Share Help Cite Discuss in SciProfiles

Open AccessArticle

Peer-Review Record

Multi-Agent Deep Reinforcement Learning for Collision-Free Posture Control of Multi-Manipulators in Shared Workspaces

Sensors 2025, 25(22), 6822; https://doi.org/10.3390/s25226822

by Hoyeon Lee, Chenglong Luo and Hoeryong Jung^*

Reviewer 1: Anonymous

Reviewer 2:

Juvenal Rodríguez-Reséndiz

Reviewer 3: Anonymous

Reviewer 4: Anonymous

Reviewer 5: Anonymous

Sensors 2025, 25(22), 6822; https://doi.org/10.3390/s25226822

Submission received: 8 August 2025 / Revised: 5 November 2025 / Accepted: 6 November 2025 / Published: 7 November 2025

(This article belongs to the Section Intelligent Sensors)

Round 1

Reviewer 1 Report

Comments and Suggestions for Authors

This paper addresses the issue of morphological diversity in robots and proposes a framework called GMAIL for group adversarial imitation learning, aiming to train a universal strategy that can adapt to different morphologies. However, there are still some issues that need to be addressed.

The specific revision suggestions are as follows:

The CTDE architecture and MAPPO algorithm adopted in this paper are relatively mature frameworks in the multi-agent field. So, is the main contribution of this paper the successful application of existing algorithms to the specific scenario of multi-robot arm control, along with effective engineering implementation and optimization, or the proposal of new improvements at the algorithm or framework level?
From the results in Tables 5 and 6, in certain scenarios (such as Scenario 4), the success rate of the PB method (84%) is even slightly higher than that of the LB method (83%).
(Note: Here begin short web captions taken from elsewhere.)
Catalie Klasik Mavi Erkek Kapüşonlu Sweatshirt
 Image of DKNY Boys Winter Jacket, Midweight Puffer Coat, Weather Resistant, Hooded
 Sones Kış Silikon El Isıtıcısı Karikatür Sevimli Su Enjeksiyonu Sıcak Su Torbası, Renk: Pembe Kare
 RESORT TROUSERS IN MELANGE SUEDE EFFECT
Although LB has a significant advantage in convergence time, a more in-depth explanation is needed for this phenomenon.
The tasks in the experiment (reaching the target point, picking and placing) mainly verified the position control of the end effector. As the author acknowledged in the discussion section, the posture of the end effector was not taken into account. In many practical applications (such as assembly, grasping objects in specific postures), posture control is essential. Will the current framework be severely limited in its applicable scenarios without introducing posture control?
Figure 5 presents the learning curve, which demonstrates the convergence of the algorithm. Are these curves the average results of multiple experiments? If so, can the shaded areas representing the standard deviations be added to show the stability of the training process?
In the pick-and-place task described in Section 3.4, the efficiency of the multi-robot arm system (8-13 seconds) is significantly higher than that of the single-arm system (18-29 seconds). This conclusion is intuitive. Was this efficiency improvement solely due to the parallelization of the task, or did the MADRL strategy learn some form of "division of labor and collaboration"?
Some recent studies especially on RL should be discussed, such as "Adaptive critic design for safety-optimal FTC of unknown nonlinear systems with asymmetric constrained-input", and "Event-triggered H∞ control for unknown constrained nonlinear systems with application to robot arm", which may enhance the credibility and the impact of the manuscript.
In Section 3.3.2, this paper compares the "segment-based (LB)" method proposed with the "keypoint-based (PB)" method. How are the number and positions of the key points in the PB method determined? Will the density of the key points affect the performance and computational efficiency of the PB method?

Author Response

Please see the attachment.

Author Response File: Author Response.pdf

Reviewer 2 Report

Comments and Suggestions for Authors

Add an introduction between sections and subsections
The quality of the images should be improved as they appear pixelated.
Ensure that all variables and parameters in the equations are described in the text. For example, m and n in equation 3.
It is recommended to add updated references to 2024 and 2025.
It is not entirely clear how cases involving non-cylindrical geometries or tools attached to the end effector that are more complex than a gripper are handled.
The collision threshold and safety margin (ϵ=0.05) are set arbitrarily without a sensitivity analysis.
The training was carried out for 36,000 steps with 1,024 parallel environments. However, the criteria for choosing these parameters are not explained, nor is it explained whether stability was evaluated with fewer resources.
There is no description of the buffer size or how variance was controlled in the odds estimation (only GAE is mentioned).
The reward is composed of several terms, but the weighting coefficients are not detailed, nor is their empirical adjustment.
MAPPO is used, but without justifying the choice compared to alternatives (HATRPO, QMIX, MADDPG). Recent literature shows that MAPPO's performance is not always superior in dense coordination tasks.
There is no stability analysis: only average convergence is shown, but typical MARL problems, such as the non-stationarity of the joint policy or techniques to mitigate it, are not discussed.
Success and collision rates are used, but more informative metrics for RL, such as cumulative return per episode, reward distribution, or learning rate per agent, are not. This limits understanding of learned behavior.
The conclusion that MAPPO + line segments is superior may be true in this setting, but without further baselines, it is unclear whether the improvement is attributable to the algorithm, the representation, or the reward function.
There is no discussion about the real-time inference cost: even if training converges, it is not proven that the policy can be executed with low latency in real-world control.
It is not reported whether the trained policies maintain performance when varying initial conditions (random seeds, starting positions), which is essential in MARL to validate robustness.

Author Response

Please see the attachment.

Author Response File: Author Response.pdf

Reviewer 3 Report

Comments and Suggestions for Authors

Dear Authors, please find my comments, questions, and suggestions below.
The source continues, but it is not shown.